Ursula came out last friday for her final guidance class with the kids. The theme was 'giving'. In this picture, the kids were talking about giving the gift of laughter as someone inadvertantly cracked everyone up. It was Elijah's squeaky chair. They talked about ways that we give which can be everything from love to money to....yes....laughter. The kids give me that every day.
They came up with their list first and then began focusing on what each person would give to various groups, like family, or community.
They wrote their ideas on round pieces of paper and put them together to create a 'ripple effect' of giving. Amber said she would like to give Dawn soap to help clean the animals from the BP oil spill.

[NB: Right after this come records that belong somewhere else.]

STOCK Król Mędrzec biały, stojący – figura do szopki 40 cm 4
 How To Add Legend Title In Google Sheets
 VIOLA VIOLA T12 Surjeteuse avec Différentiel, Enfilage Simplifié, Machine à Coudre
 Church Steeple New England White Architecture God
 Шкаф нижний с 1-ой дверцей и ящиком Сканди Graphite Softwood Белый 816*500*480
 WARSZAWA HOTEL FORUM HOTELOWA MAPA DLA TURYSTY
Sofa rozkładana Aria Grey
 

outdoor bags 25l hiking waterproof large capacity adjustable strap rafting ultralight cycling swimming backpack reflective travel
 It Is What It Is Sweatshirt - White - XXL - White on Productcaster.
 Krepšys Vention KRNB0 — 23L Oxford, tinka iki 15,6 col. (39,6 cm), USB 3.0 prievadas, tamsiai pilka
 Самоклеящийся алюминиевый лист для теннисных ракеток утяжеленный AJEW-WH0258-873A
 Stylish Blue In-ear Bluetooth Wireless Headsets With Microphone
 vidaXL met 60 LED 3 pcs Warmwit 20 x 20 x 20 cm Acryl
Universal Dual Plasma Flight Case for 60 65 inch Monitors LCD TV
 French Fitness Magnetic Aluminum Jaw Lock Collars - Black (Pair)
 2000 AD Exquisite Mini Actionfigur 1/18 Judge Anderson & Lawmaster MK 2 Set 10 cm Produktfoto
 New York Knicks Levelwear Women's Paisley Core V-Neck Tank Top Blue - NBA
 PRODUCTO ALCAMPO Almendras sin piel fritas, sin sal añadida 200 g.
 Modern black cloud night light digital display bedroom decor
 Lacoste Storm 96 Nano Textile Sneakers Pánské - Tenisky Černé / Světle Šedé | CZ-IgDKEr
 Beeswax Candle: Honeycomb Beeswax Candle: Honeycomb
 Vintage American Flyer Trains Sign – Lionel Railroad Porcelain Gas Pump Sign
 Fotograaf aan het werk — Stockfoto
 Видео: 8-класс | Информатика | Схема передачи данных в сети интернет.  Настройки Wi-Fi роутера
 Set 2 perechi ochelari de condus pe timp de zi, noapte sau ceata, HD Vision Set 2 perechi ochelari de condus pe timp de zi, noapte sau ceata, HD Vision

The idea of creating a positive ripple effect rather than a negative one is a great thing to think about. Ursula talked about instances when we might be having a really bad day and our negativity can have a not-so-great effect on everything and everyone around us. Then the opposite situation where our giving attitudes can create positive effects on those around us.
The K-2 class also came up with their positive ripple effect. It was pretty evident that we have a group of compassionate, giving students. I love the one that says, "When I give my mom a hug when she is crying." Who doesn't love that? And the little people with their hands up in the air? So sweet. We often write 'encouraging words' to each other and share them on fridays. Sometimes it's nothing more than a, "You're really good at kickball" which is great and encouraging, but then there's the deeper, "I'm sorry that I hurt your feelings," or "I'm sorry that your Nana died," that really get me.
In Alaska, I had this student named Leonard who had some real learning difficulties. He was such a sweet kid, though, and had a great sense of humor, that was often misunderstood by his peers. One day I was reading the encouraging words out to the class and there was this note that said, "Dear Leonard, HAPPY DAY! Love, Leonard." Well, the whole class thought that was a riot and I liked it so much I asked him if I could keep it. A short time later, he died in a whaling accident. I was full of grief for quite a while about it but one day I found something in my jacket pocket. I unfolded it and there was the encouraging word from Leonard to himself. I laughed out loud. Sometimes the greatest encouragement is what we give to ourselves and I keep his note on my dresser to remind me that even though the moment is gone, our words live on. Positively. Or negatively.